| 08 November 2009
I decided to give the G20 St Andrews meeting on Friday and Saturday a miss,
since nobody thought anything would be agreed even in advance of the meeting,
and sure enough, it wasn't. The closing communique is bland even by the standards
of those always very banal documents.
The highlight of the occasion was Gordon Brown's ringing declaration of war
against the banks, something not without irony in a week when his government
splashed out another fifty billion pounds it hasn't got in their direction.
But of course everyone knows that there won't be any new taxes on banks: it's
important not to damage them further when they are just starting to get back
on their feet. This was a blatant piece of electioneering, aimed at taking advantage
of popular indignation about bankers' bonuses, and should make for a nice blip
in the government's opinion poll ratings.
The other leaders present listened politely, but there was no agreement on
action against the banks. 'We call on supervisors to ensure that banks retain,
as needed, a greater proportion of their profits to build capital to support
lending; -- to ensure that compensation policies and practices support financial
stability and align with long-term value creation; we commit to incorporate
urgently within our national frameworks the FSB standards, and call on firms
to implement these sound compensation practices immediately.' That was the nearest
the meeting could come to positive action.
What is worrying, though, is that there has come to be a consensus at G20 level
that banks can't be allowed to be: 'Too big to fail.' Hmmm.

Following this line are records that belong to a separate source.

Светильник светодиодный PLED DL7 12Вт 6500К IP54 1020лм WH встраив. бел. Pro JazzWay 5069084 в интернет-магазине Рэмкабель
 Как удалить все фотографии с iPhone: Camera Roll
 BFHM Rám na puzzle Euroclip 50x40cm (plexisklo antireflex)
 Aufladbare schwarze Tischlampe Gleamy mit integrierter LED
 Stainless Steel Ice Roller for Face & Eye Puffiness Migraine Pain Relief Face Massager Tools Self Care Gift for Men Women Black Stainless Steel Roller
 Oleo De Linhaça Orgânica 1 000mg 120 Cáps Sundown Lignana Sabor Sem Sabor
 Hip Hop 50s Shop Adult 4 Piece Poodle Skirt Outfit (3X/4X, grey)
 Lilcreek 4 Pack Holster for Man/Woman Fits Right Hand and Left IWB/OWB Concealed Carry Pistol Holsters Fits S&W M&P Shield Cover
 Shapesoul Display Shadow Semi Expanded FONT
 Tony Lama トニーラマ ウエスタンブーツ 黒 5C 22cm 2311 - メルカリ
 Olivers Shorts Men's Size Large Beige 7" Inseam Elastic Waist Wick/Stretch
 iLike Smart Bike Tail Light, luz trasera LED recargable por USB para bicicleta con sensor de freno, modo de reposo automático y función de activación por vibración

Meaning that they
will try to make banks smaller (what Gordon and the EU are doing in the UK market).
But who says they are too big too fail? They aren't. What the politicians mean
is that they can't handle the political backlash of a major bank failure. They
say that a major failure would cause a global financial collapse, and therefore
they have effectively nationalized large swathes of the banking sector.
What nonsense! The failure has come from the politicians, who have failed to
allow failure, and are now having to deal with the consequences of their folly.
Let's pick it apart a little. There are three constituencies who can suffer
in a bank failure: the depositors (who are mostly also borrowers through mortgages);
the shareholders; and the wider financial community, who are intricately linked
with each other and a failing bank through inter-bank lending.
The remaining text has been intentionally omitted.